It’s a good example of surrealism. In the poem, the pylons dream of stepping into ball gowns.

‘That first third of the book is almost a chronology of your time nursing your father as cancer ravishes his body. That section ends with the poem “Kummerspeck”, which is a German word. It literally translates as “grief bacon”. It is a very visceral response to grief. It makes grief an actual physical thing that feeds on blood and flesh. There’s a line about the fridge stinking like a butcher’s gutter. But then the rest of the book is business as usual. Only you come back to him further on in the book as a ghostly figure. And there are lots of holes in the book.’

‘There’s a poem about a sinkhole.’

‘But not just sinkholes, other kinds of holes too. Is one of the holes that left by your father’s passing?’

‘I wasn’t going to include those poems. I was going to move on with my life. I had a collection that was a mix of subjects. There’s a poem about pylons and a poem about runners, a poem about childlessness.’

‘I love that poem. It’s called “Ballast”. I remember you reading it years ago, at an event, and it put a chill right down my spine. I’m so glad you included that poem. I’ve heard you read it several times since, and it has always had a profound effect on me.’

‘I was a bit wary about putting it in the collection because it was based on an experience that really happened. I went to my friend’s house and there were some other friends there I hadn’t seen for a while. I didn’t have to do much with that poem. I just put down what happened.’

‘It’s a remarkable poem.
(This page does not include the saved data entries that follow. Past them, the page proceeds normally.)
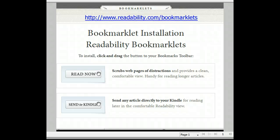Often web pages are filled with ads and distractions that can make it difficult for students to find content on the page. Fortunately there's a tool called Readability Bookmarklets that scrubs web pages clean of distractions so students can find the content they're looking for. Let's watch a demo of how to use this tool.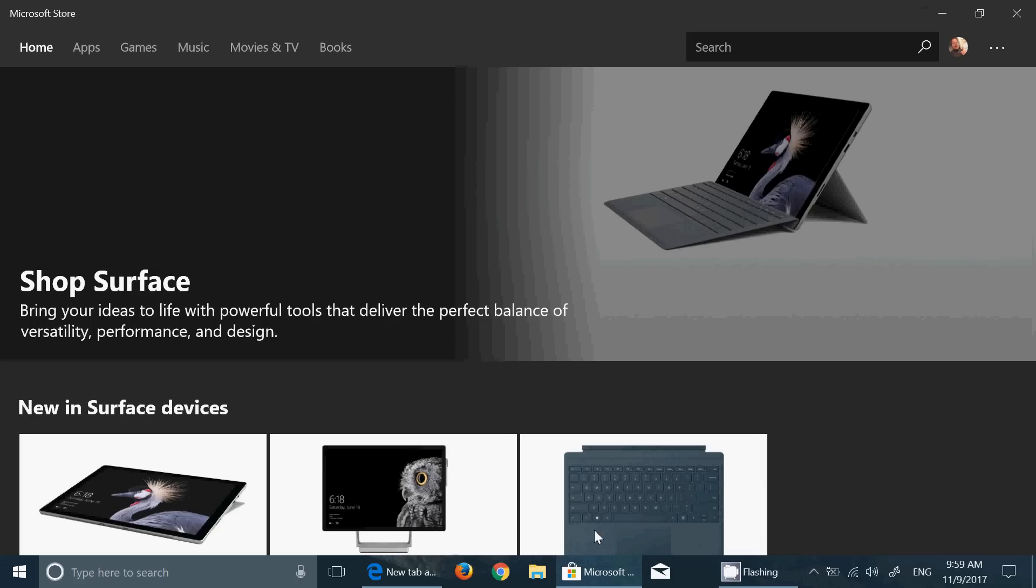Welcome to this Windows channel and this is a review or quick look at the latest build of Redstone 4 of Windows 10, the next version coming somewhere in March of 2018. After two weeks, we've got a new build that was released, build 17.035.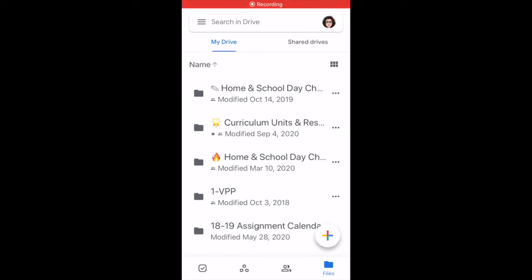This video demonstrates how to take a picture of your paper assignment and upload it to your Google Drive. Once the assignment is in your Google Drive, you can submit it in a Schoology assignment on your mobile device, your Chromebook, or your computer.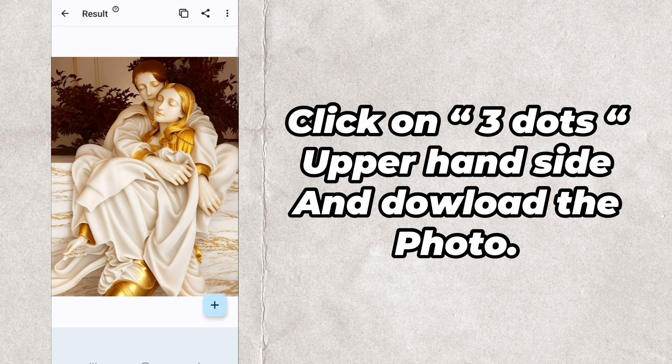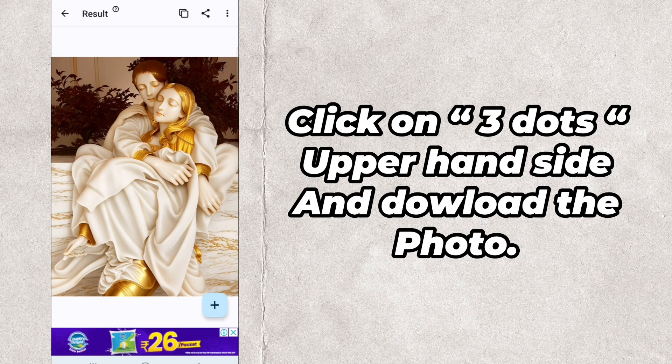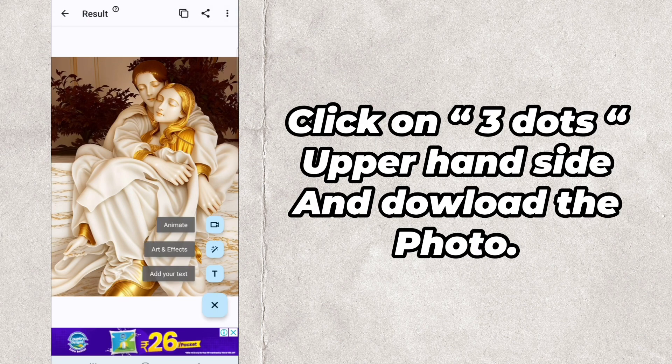Click on the three dots on the upper hand side and download the photo.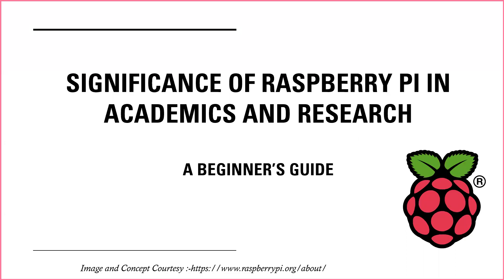Welcome to all of you. The topic here is the Raspberry Pi and its significance, how it is so useful nowadays in simple senses for academics and research.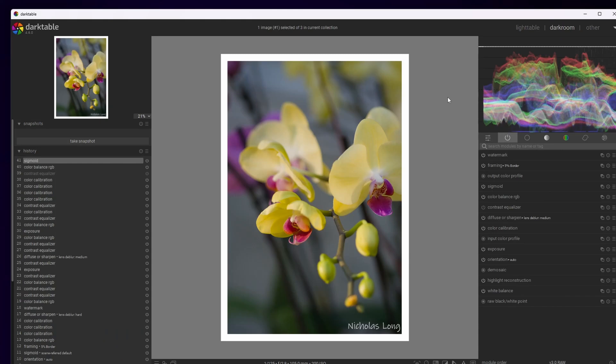So we're in Darktable now, and this first photograph is an image I took of some beautiful orchid flowers. I'm actually entering a local photographic competition for taking photographs of orchids at a display, and this is one of my photographs. I really like this photograph because it has some very beautiful hues of yellow and purple and green. In particular, the yellow contrasts the purple very nicely, and there's some really nice softness to the colors. I think this is an excellent candidate to add some simple contrast pop.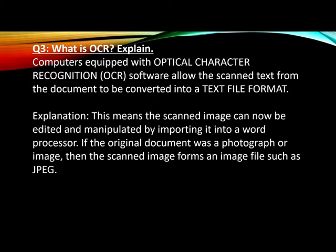This means the scanned image can now be edited and manipulated by importing it into a word processor. If the original document was a photograph or image, then the scanned image forms an image file such as JPEG.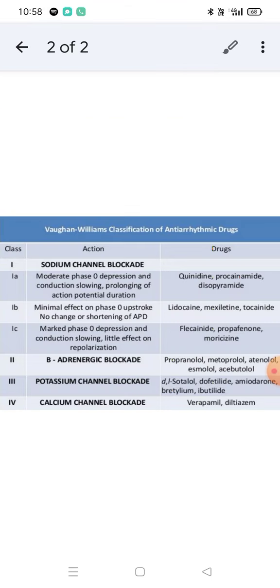Looking at the drug classification, examples of sodium channel blockers include quinidine, procainamide, and disopyramide, which come under Class 1a — characterized by moderate phase 0 depression, conduction slowing, and prolongation of the action potential duration.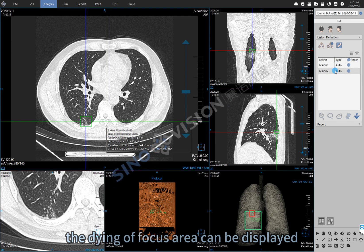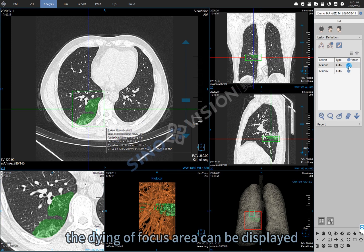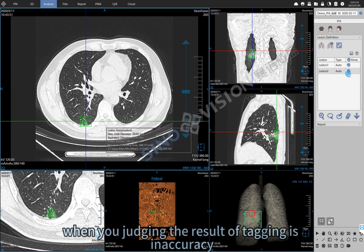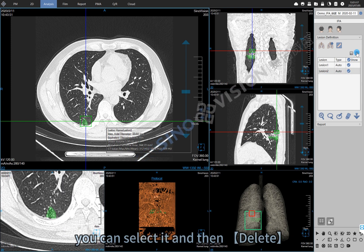Selecting a lesion, the highlighted focus area can be displayed. When you judge that the result of tagging is inaccurate, you can select it and then delete it.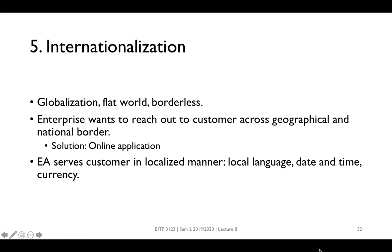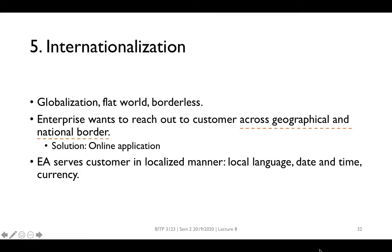Globalization has flattened the world, making it borderless. Trade and business are easier to conduct compared to before with the advance of technology. Running an enterprise business is about making more profits. Therefore, enterprises need to reach out to customers across geographical and national borders. One of the methods is using online applications.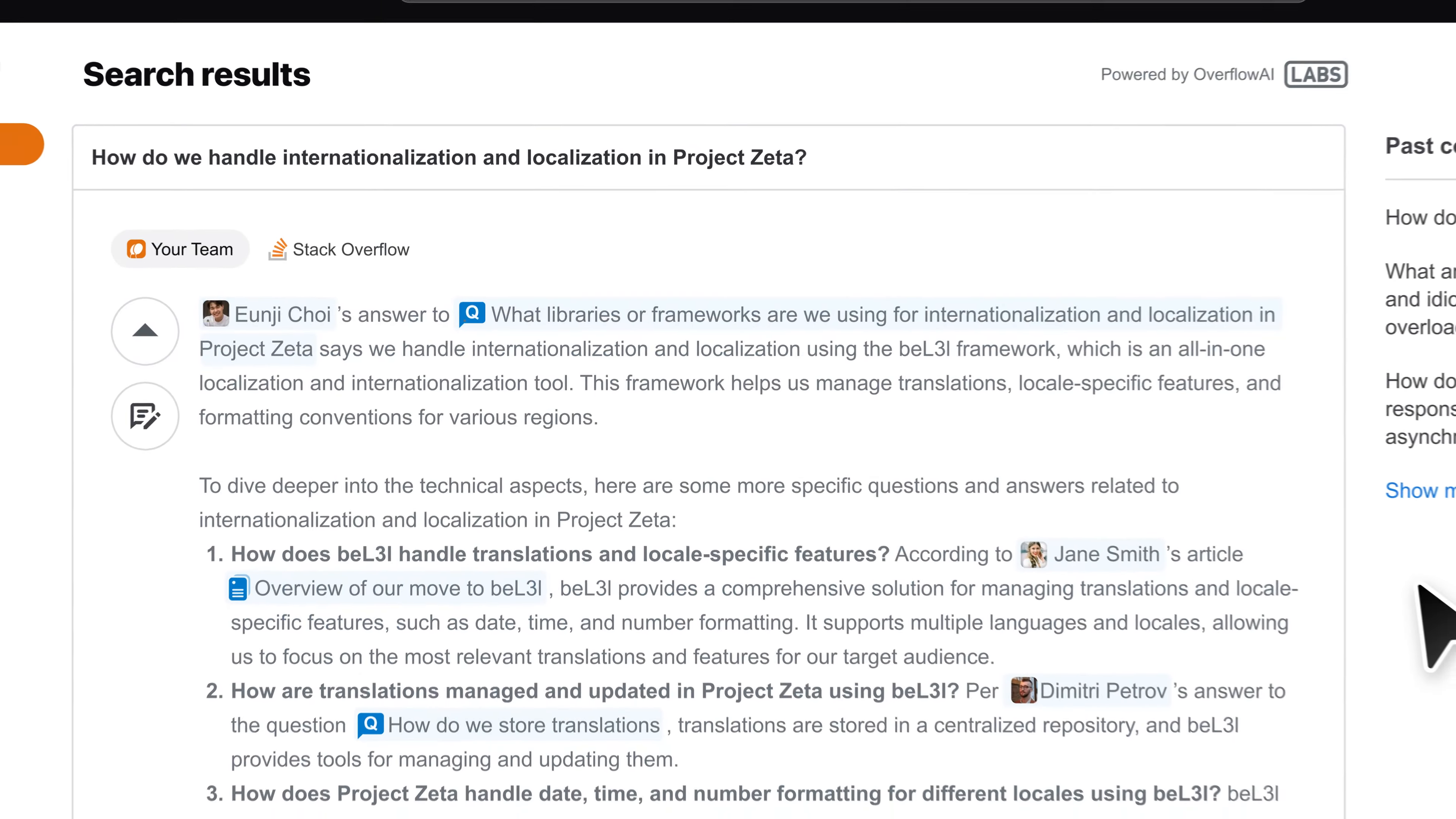It quickly aggregates and summarizes the most relevant search results from your internal Stack Overflow for Teams community into helpful answers that attribute subject matter experts.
There is so much emotion in it, but it isn’t a bleeding heart poem. It’s about a woman, you, who has reached a stage in her life, where she spends a lot of time holding other people’s babies. It’s a party where M & S berry crushes outnumber wine bottles and you are the only one drinking. All the women there are mothers and they are talking about teething rings and Farley’s Rusks. Then you go outside for a cigarette and when you, or the character in the poem, returns, she senses that the women have been talking about her with pity. And there is a sense that you, or the childless woman in the poem, have become an image from a horror film. It really hammers home how much women are still defined by these roles. In fact, self-defined. Like the child is almost a fetish object and we all have to worship it. It’s a type of tyranny. Is that how you feel?’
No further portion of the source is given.